(Image-text web data)

⁂

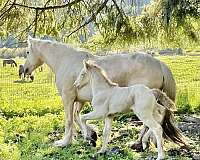 dun-gypsy-vanner-weanling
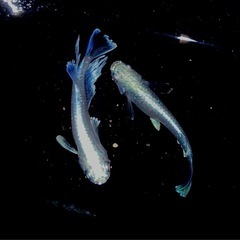 バクシャイナーメダカ　5匹の画像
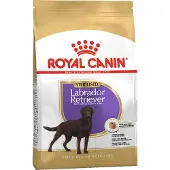 Royal Canin 12kg Sterilised Labrador Retriever Adult Breed Koiranruoka
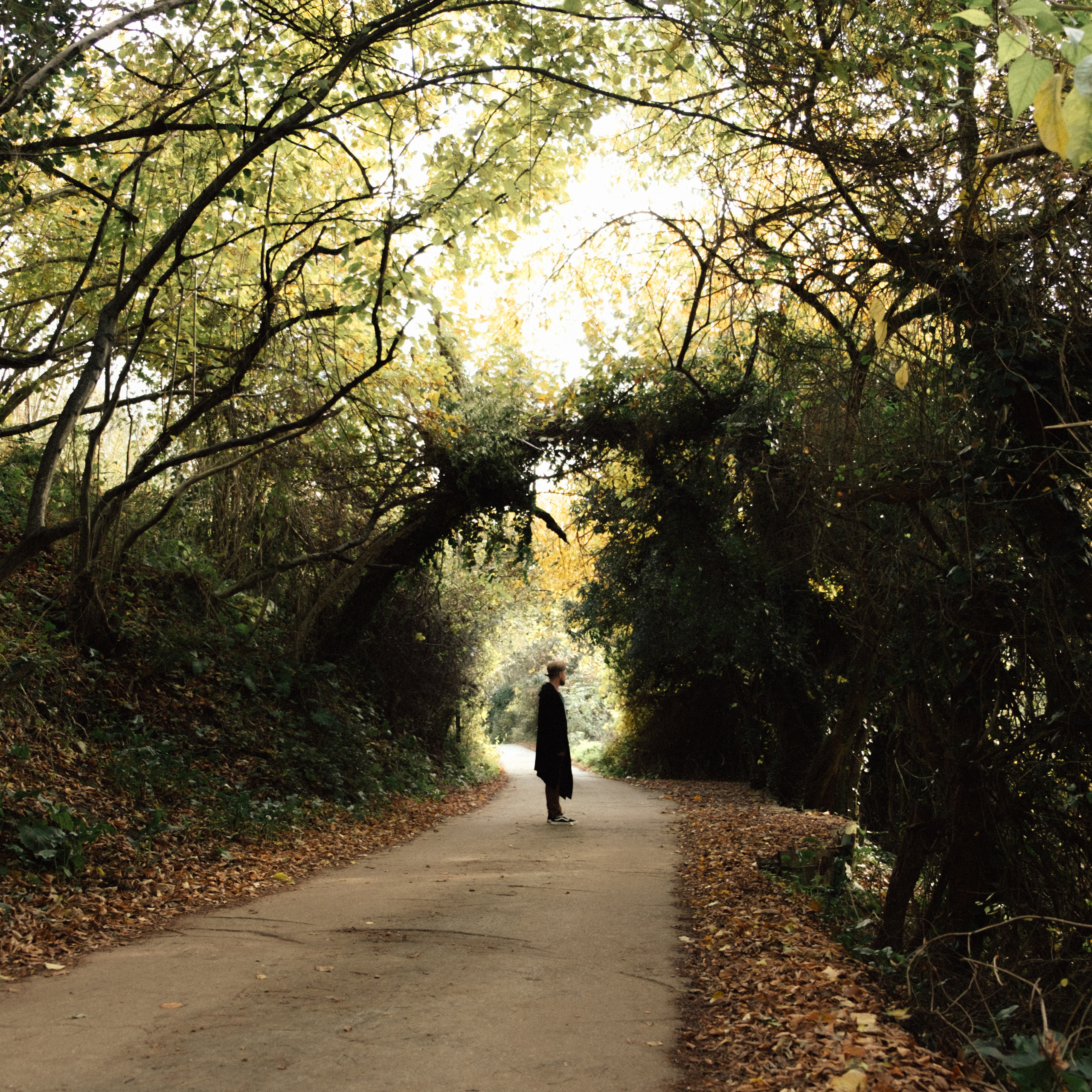 Данил. Художественный фотограф Екатерина Серова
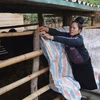 Người dân bản Tò Lọ, xã Chiềng Đen, thành phố Sơn La, căng bạt che kín chuồng trại chống rét cho gia súc. (Ảnh: Công Luật/TTXVN)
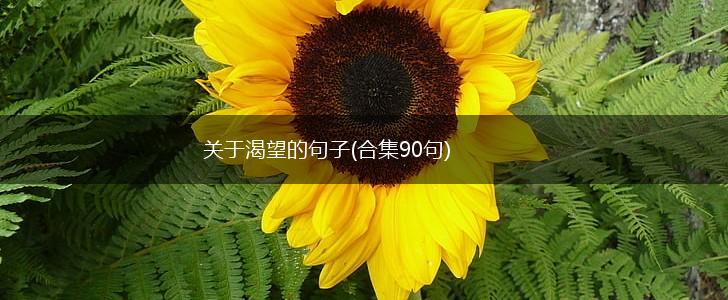 关于渴望的句子(合集90句),第1张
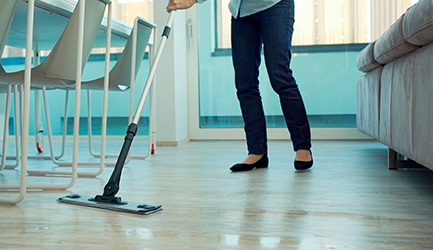 Polti Moppy: eficácia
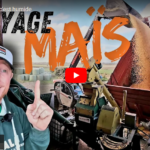 MAÏS HUMIDE c'est humide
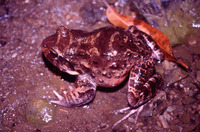 : Leptodactylus turimiquensis; Calf Frog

⁂

(What to work on) Every line from the one that holds "バクシャイナーメダカ　5匹の画像" to the last line of the records above goes into the answer, exactly as written; nothing else does, and no picture does either.

(The answer)
 バクシャイナーメダカ　5匹の画像
 Royal Canin 12kg Sterilised Labrador Retriever Adult Breed Koiranruoka
 Данил. Художественный фотограф Екатерина Серова
 Người dân bản Tò Lọ, xã Chiềng Đen, thành phố Sơn La, căng bạt che kín chuồng trại chống rét cho gia súc. (Ảnh: Công Luật/TTXVN)
 关于渴望的句子(合集90句),第1张
 Polti Moppy: eficácia
 MAÏS HUMIDE c'est humide
 : Leptodactylus turimiquensis; Calf Frog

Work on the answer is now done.